A quoi sert le Syndicat ?

Le Syndicat de l’Isac a été créé récemment afin de répondre aux enjeux de l’eau sur le bassin versant de cette rivière.

Le Syndicat du bassin versant de l’Isac a été créé le 1er janvier 2011. Son but est d’intervenir sur les problématiques des inondations, de la qualité de l’eau et de fonctionnement des cours d’eau et des marais.

Historiquement, il résulte de la transformation d’un petit syndicat intercommunal regroupant 5 communes dans le secteur de Blain-Saffré, mais aussi de l’implication des communes de l’aval du bassin concernées par la gestion des marais de l’Isac : Sévérac, Guenrouet, Fégréac…

Pour gérer la ressource en eau de la manière la plus efficace, il faut intervenir à l’échelle du bassin versant concerné. Toutes les communes qui ont au moins une partie de leur territoire située dans le bassin de l’Isac ont été mobilisées pour créer la structure autour de ces enjeux. Au final, le Syndicat arrive à couvrir plus de 95 % de ce territoire.
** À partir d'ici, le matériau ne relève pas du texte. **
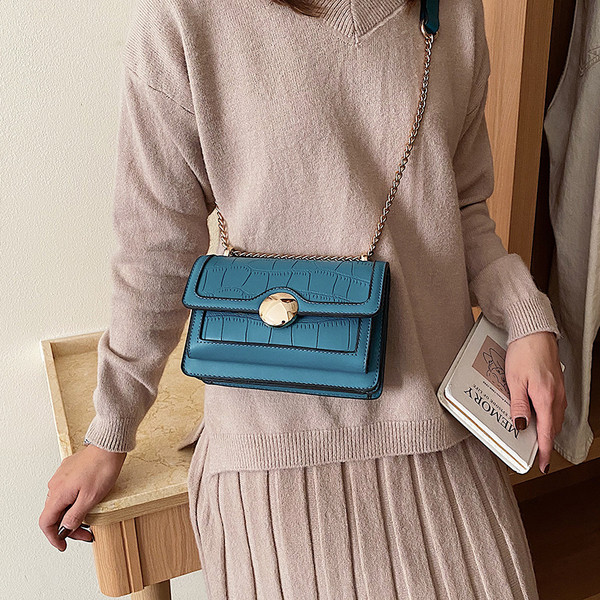 Női bőrtáska lánccal és fém csattal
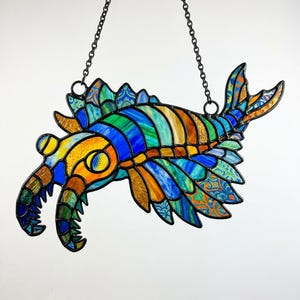May include: A stained glass artwork of a colourful, stylised sea creature. The piece features blues, greens, oranges, and yellows, with detailed patterns. It hangs from a black chain, ideal for window or wall decoration. The artwork is approximately 30 cm in length.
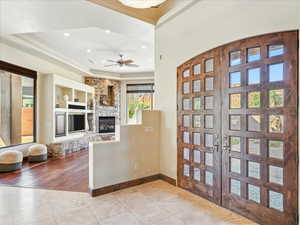 Tiled foyer with recessed lighting, ceiling fan, a raised ceiling, and a stone fireplace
Le Syndicat de l’Isac met en œuvre des actions ayant pour but « une gestion équilibrée de la ressource en eau et des milieux aquatiques ». Il réalise pour cela des études servant à diagnostiquer les différents problèmes, que ce soit sur de l’hydraulique ou des pollutions, puis engage des opérations en conséquence. Il a ainsi défini un projet de territoire qui regroupe toutes les actions à mener pour les prochaines années. Il entreprend aussi bien des travaux de remise en état des cours d’eau ou des marais que des actions d’animation auprès des professionnels ou des particuliers pour des changements de pratiques visant la réduction des pollutions.

 

Compétences GEMAPI

Les Lois MAPTAM et NOTRe dédiées à la réforme des collectivités territoriales ont pour but d’améliorer la lisibilité des compétences eau par territoire hydrographique cohérent. Elles prescrivent la mise en œuvre obligatoire d’une compétence « gestion de l’eau, des milieux aquatiques et de prévention des inondations » soit GEMAPI. Les communautés de communes se verront attribuées au 1er janvier 2018 un socle minimum de 4 points (issus de l’article L.211-7 du code de l’environnement) :

  • L’aménagement d’un bassin ou d’une fraction de bassin hydrographique ;
  • L’entretien et l’aménagement d’un cours d’eau, canal, lac ou plan d’eau, y compris les accès à ce cours d’eau, ce canal, ce lac ou ce plan d’eau ;
  • La défense contre les inondations et contre la mer ;
  • La protection et la restauration des sites, des écosystèmes aquatiques et des zones humides ainsi que des formations boisées riveraines.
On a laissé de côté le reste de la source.